La situation de stress hydrique dans notre pays s'est manifestée par la diminution des ressources en eau renouvelables par habitant, passant de 2.560 m3 à environ 606 m3 entre 1960 et 2024. L'évolution des ressources en eau disponibles a montré une baisse significative des réserves dans les barrages au cours des vingt dernières années pour baisser à 3,51 MMm3 en 2023. Une baisse qui a entraîné une réduction des allocations pour les zones d'irrigation agricole, qui reçoivent en moyenne 2,77 MMm3 sur la période 2002-2022, soit seulement 51% des allocations prévues dans les schémas directeurs d'aménagement intégré des ressources en eau, totalisant 5,29 MMm3 par an.
Ces allocations ont diminué de 4,17 MMm3 en 2016 à 1,02 MMm3 en 2023. Certaines zones d'irrigation ont connu une baisse des approvisionnements en eau de plus de 50% pendant cette période, par rapport à la moyenne des allocations entre 2002 et 2018, telles que les zones de Moulouya, Haouz, Ouarzazate et Tafilalet. De plus, les zones de Doukkala n'ont pas reçu d'eau d'irrigation au cours des trois dernières saisons agricoles (2020-2023).
Malgré les efforts du ministère chargé de l'agriculture pour moderniser les zones d'irrigation et les équiper de systèmes d'irrigation localisée, celles-ci souffrent d'une pénurie aiguë d'eau des barrages, ce qui représente un défi pour la durabilité des projets d'investissement réalisés par l'État et les agriculteurs dans ces zones d'irrigation.
Pour accompagner cette situation hydrique, les programmes en vigueur, notamment de gestion de l'eau d'irrigation, nécessitent une évaluation périodique.
Assurance multirisques climatiques : un taux d'adhésion qui demeure faible
Enfin, en ce qui concerne l'assurance multirisques climatiques, la Cour souligne que le taux d'adhésion des agriculteurs reste faible malgré l'augmentation enregistrée au cours de la période 2012-2023, puisqu'il est passé de 7% lors de la campagne agricole 2011-2012 à 24% pendant la campagne 2022-2023, soit 1,2 million d’hectares.
Dans ce sens, face à un contexte marqué par une augmentation de la sinistralité des cultures agricoles, suite à la succession des années de sécheresse et de phénomènes climatiques extrêmes, les risques liés à la pérennisation des produits d’assurance agricole sont de plus en plus importants et nécessitent la conception de nouveaux modes de financement innovants.

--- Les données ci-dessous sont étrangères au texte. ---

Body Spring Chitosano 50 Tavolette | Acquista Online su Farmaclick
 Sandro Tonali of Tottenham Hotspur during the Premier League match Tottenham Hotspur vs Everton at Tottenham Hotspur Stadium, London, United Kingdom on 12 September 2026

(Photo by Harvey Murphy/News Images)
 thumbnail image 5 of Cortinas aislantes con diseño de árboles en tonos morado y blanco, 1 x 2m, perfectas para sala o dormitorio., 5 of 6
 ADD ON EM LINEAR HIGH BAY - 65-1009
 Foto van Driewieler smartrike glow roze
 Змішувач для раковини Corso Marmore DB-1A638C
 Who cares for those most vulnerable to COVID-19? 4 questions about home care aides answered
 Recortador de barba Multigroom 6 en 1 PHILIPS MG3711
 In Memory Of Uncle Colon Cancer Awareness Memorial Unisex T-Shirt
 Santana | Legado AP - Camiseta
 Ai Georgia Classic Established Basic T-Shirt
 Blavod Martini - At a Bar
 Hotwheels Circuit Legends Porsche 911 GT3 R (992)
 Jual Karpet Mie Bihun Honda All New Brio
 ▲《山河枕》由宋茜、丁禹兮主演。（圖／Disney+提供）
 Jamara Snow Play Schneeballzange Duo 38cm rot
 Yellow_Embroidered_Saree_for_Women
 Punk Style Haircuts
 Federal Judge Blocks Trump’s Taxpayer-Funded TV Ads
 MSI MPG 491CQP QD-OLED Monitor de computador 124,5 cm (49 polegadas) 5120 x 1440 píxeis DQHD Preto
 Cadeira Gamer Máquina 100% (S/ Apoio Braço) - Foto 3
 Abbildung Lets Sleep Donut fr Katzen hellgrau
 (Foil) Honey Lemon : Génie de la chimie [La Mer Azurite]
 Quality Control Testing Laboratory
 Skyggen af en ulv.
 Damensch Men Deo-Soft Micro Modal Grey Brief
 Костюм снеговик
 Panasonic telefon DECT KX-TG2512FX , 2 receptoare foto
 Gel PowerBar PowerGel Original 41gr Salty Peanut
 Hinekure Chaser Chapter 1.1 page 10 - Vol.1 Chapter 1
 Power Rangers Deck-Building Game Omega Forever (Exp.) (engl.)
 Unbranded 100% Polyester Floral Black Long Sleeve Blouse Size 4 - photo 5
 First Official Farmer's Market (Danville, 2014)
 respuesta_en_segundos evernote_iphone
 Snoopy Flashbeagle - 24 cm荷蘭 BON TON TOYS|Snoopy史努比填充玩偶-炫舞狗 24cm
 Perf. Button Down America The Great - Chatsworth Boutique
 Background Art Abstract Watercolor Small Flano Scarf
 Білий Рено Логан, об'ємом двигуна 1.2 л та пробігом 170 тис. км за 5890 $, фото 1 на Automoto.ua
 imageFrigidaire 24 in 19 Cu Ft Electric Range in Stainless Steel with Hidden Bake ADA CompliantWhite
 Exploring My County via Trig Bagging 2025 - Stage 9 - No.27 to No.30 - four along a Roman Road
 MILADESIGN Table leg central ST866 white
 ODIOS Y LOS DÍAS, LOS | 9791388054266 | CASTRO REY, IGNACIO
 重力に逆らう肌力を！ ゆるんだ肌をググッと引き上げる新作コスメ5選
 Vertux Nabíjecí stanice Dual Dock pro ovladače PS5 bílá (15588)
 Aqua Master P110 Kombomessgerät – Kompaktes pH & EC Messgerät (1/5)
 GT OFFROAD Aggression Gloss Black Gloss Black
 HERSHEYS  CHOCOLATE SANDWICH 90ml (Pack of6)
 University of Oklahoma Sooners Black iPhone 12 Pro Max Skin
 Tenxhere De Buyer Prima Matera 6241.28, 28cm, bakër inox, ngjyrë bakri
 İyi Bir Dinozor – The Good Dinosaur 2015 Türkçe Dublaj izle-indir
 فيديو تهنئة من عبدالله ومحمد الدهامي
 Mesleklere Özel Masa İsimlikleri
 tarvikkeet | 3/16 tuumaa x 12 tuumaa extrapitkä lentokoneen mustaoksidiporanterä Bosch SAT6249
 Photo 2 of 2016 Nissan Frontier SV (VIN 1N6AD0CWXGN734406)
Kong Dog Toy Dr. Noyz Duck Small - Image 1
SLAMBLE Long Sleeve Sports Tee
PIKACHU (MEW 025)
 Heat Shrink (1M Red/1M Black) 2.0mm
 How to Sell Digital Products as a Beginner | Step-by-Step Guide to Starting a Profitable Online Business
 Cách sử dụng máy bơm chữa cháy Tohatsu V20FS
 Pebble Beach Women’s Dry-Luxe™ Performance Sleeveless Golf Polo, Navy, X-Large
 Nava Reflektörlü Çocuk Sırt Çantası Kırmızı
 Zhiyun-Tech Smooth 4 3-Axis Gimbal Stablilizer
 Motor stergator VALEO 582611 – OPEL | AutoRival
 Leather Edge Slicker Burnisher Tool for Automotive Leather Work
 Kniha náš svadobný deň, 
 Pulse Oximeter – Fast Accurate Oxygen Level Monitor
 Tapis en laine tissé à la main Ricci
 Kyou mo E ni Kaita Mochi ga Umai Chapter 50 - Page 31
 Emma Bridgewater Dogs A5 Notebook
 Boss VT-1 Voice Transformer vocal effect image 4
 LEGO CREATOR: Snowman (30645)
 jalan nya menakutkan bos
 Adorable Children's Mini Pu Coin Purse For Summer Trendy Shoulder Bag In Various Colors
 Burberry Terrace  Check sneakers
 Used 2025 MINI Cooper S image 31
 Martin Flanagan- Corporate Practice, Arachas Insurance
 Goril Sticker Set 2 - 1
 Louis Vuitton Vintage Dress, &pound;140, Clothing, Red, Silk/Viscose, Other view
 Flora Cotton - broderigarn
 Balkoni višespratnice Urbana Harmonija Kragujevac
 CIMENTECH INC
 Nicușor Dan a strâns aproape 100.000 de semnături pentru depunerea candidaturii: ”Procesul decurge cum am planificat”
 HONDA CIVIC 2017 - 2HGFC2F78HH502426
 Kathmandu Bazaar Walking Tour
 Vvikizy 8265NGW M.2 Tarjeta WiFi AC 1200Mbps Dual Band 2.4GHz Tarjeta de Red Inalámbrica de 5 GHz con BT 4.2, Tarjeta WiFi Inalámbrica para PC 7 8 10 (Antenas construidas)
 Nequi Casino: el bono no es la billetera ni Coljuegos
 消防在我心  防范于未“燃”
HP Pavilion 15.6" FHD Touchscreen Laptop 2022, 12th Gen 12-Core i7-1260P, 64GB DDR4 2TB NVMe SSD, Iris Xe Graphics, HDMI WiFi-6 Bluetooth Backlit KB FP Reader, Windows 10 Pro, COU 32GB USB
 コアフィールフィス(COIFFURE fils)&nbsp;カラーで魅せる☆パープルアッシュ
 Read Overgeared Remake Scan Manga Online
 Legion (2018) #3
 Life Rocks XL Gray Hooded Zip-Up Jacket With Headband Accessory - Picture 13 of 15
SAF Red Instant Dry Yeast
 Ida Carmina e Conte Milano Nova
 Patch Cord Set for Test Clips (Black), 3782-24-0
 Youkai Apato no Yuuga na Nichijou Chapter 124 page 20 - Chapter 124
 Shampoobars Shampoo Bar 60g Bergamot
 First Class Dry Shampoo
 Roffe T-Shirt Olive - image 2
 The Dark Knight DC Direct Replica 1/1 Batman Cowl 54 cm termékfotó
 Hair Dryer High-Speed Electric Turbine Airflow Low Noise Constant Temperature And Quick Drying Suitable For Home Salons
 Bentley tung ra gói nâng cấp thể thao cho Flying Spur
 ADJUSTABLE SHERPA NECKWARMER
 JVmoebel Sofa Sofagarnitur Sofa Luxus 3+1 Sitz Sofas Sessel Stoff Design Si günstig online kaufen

Les recommandations de la Cour des comptes
Eu égard à ce qui précède, la Cour a recommandé au ministère de l'Agriculture de :
- Veiller à l’élaboration et la mise en œuvre des plans d’action thématiques et des plans agricoles régionaux prévus par la stratégie Génération Green, tout en procédant aux ajustements nécessaires afin d’assurer leur convergence et leur synergie avec les stratégies nationales relatives aux changements climatiques ;
- Adopter, au niveau du secteur agricole, une approche systémique permettant la cohérence et la complémentarité entre les objectifs du développement durable et les mesures retenues d’atténuation des GES et d’adaptation aux effets des changements climatiques ;
- Accélérer la réalisation des projets d’irrigation par les eaux non conventionnelles, grâce notamment au dessalement de l’eau de mer, et encourager l’utilisation des énergies renouvelables dans le domaine de l’irrigation, tout en veillant à un contrôle de proximité de l’usage de l’eau d’irrigation afin d’assurer sa rationalisation ;
- Mettre en place une vision intégrée de la recherche scientifique relative aux thématiques traitant les changements climatiques dans l’agriculture, et la traduire en contrats programmes entre l’Etat et les différentes institutions de recherche agronomique.